* What to do *
Your task is to repeat exactly the lines below between the line holding "Состояние дома хорошее, по" and the line holding "Building Photo - 9142 Crenshaw Ln", inclusive, and only those.

* Data shown *
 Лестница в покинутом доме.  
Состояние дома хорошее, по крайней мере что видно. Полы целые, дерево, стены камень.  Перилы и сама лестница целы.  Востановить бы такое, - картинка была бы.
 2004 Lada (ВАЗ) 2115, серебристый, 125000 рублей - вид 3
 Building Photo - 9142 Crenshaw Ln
--
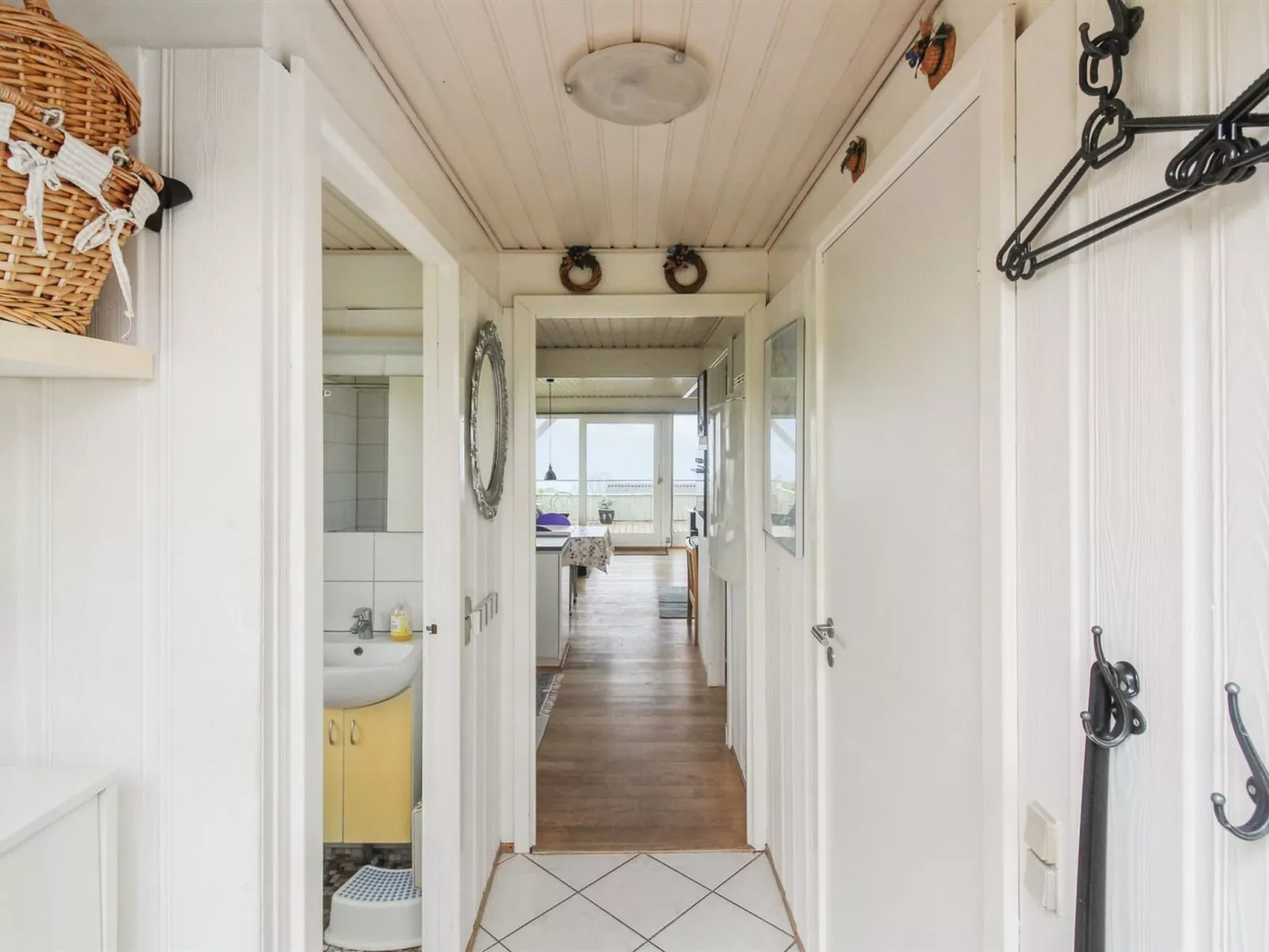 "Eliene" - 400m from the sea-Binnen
...
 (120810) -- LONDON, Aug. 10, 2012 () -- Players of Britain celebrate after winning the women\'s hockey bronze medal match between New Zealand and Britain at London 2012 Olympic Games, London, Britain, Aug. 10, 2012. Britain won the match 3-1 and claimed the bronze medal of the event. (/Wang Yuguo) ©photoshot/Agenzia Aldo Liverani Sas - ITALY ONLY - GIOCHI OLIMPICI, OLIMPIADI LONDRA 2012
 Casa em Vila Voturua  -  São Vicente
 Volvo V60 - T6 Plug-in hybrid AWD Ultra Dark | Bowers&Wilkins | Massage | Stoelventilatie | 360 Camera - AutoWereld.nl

* Solution for this exercise *
Состояние дома хорошее, по крайней мере что видно. Полы целые, дерево, стены камень.  Перилы и сама лестница целы.  Востановить бы такое, - картинка была бы.
 2004 Lada (ВАЗ) 2115, серебристый, 125000 рублей - вид 3
 Building Photo - 9142 Crenshaw Ln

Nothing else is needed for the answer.